毎年、世界各地で開かれてきた見本市は、コロナ禍でオンラインに移行するなど大きな混乱に陥っていました。しかし欧州では再開の動きが進んでいるといいます。2021年11月9日には英国、ドイツ、フランスの見本市について日本事務所が説明会を開いた。現在も感染状況は刻一刻と変化しているところではあるが、現地からの報告を交えながら最新状況を共有した。
「新製品を見たい」本気の来場者がリアル見本市に参加
欧州からの現地報告としては、欧州最大とされる日本人コミュニティがあるデュッセルドルフから、ジェトロの木場亮氏が登壇。コロナ禍では見本市のオンライン開催を試みたものの、うまくいかず、現地でもリアル開催を求める声は多いといいます。

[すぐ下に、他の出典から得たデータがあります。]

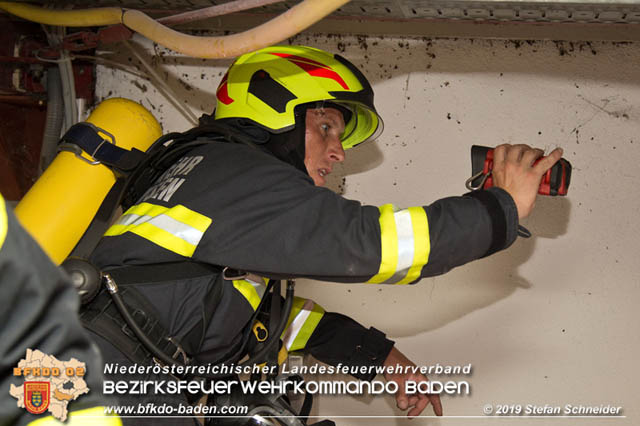 20190625 Brand am Gelände eines Gewerbebetriebes  Foto: © Stefan Schneider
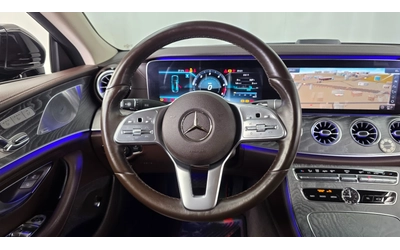 Mercedes-Benz CLS 400 CLS400d 4MATIC | HUD | 360  Камера | Distronic - автомобили, коли, обяви за нови и употребявани 9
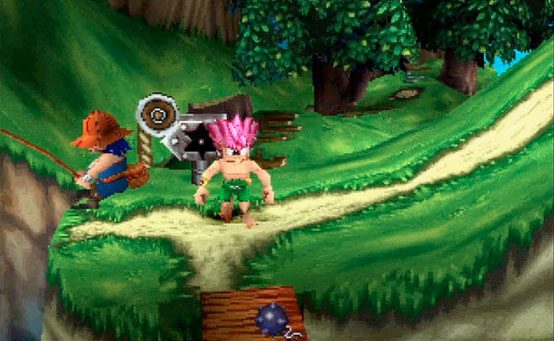 tomba psn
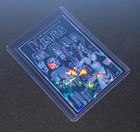 Misfits Glenn Danzig Custom Holographic Refractor Prizmatic Heavy Metal Card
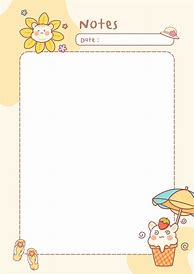 Image result for Cute Template Printable Free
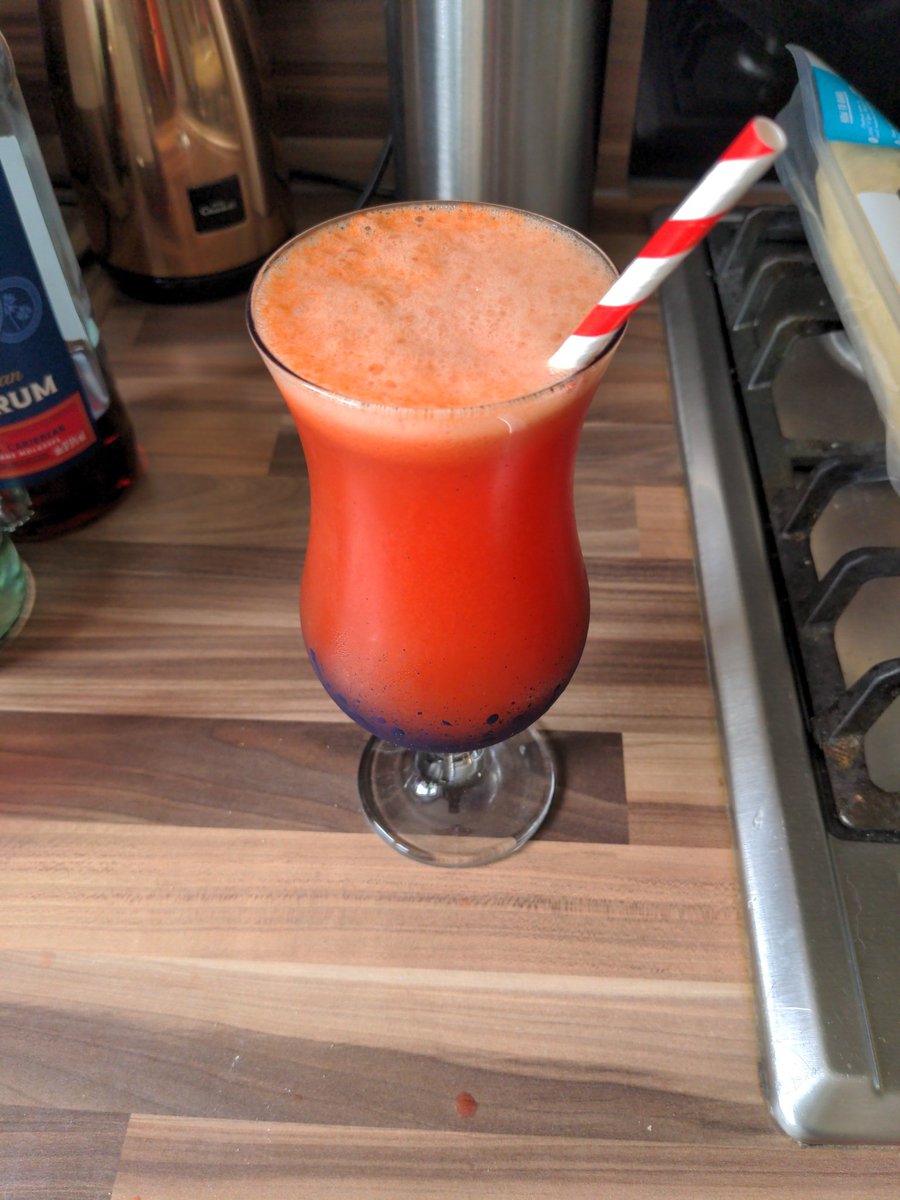 TestingChef's tweet image. Pour me something tall and strong, make it a Hurricane, before I go insane.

そのなかで、ケルンで開催された国際食品見本市「ANUGA 2021」には日本企業26社が出展。来場者数は2019年の17万人に対して7万人超と、半分近くまで回復しているとのこと。特徴としては「冷やかし」で来る人が減り、本当に商談がしたい人が集まったことで目標の2倍の商談ができたとしています。
ドイツのリアル見本市は2021年9月から30件、12月までに110件、2022年には390件を予定しているとのこと。具体的に講じている感染症対策としては、通路の幅を広く取る、セミナーはオンラインの登壇者を交えたハイブリッド形式とする、といった工夫がみられたそうです。
ドイツで見本市会場に入るには、「ワクチン接種証明」「コロナからの回復証明」「陰性証明」のいずれかの提示が求められます(3Gルール)。最近では健康上の問題がある人を除いてワクチン接種を基本とする「2Gルール」に移行しつつあり、各国の日本大使館や見本市主催者で最新情報を確認する必要があるようです。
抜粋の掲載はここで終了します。